→ **Data for review**
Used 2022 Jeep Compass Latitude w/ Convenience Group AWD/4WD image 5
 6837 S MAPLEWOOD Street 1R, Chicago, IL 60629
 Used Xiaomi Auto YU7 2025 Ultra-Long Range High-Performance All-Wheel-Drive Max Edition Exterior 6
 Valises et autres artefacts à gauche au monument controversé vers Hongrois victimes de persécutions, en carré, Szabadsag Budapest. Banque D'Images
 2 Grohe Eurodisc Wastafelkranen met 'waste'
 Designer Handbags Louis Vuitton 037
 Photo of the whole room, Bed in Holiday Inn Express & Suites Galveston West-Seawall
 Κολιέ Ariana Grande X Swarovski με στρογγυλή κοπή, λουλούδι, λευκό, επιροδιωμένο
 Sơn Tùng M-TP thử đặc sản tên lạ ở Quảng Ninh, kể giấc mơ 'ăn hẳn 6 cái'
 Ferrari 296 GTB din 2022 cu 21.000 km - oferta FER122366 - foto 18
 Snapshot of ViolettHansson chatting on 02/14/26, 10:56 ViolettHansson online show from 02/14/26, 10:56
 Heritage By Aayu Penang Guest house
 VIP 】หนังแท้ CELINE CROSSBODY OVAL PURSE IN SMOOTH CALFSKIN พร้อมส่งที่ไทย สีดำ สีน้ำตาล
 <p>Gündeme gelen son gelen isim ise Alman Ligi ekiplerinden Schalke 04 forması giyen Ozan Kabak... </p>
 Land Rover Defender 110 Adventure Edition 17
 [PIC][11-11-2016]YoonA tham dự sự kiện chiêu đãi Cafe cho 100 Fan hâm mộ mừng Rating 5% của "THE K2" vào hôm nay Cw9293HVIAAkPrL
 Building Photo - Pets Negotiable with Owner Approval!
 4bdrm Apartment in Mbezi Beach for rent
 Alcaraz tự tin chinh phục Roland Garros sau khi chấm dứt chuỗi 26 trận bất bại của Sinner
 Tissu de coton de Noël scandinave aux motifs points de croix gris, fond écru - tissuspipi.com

→ **Description of the task**
Give the number of lines above that hold "Edition", with no other words.

→ **Written reply**
2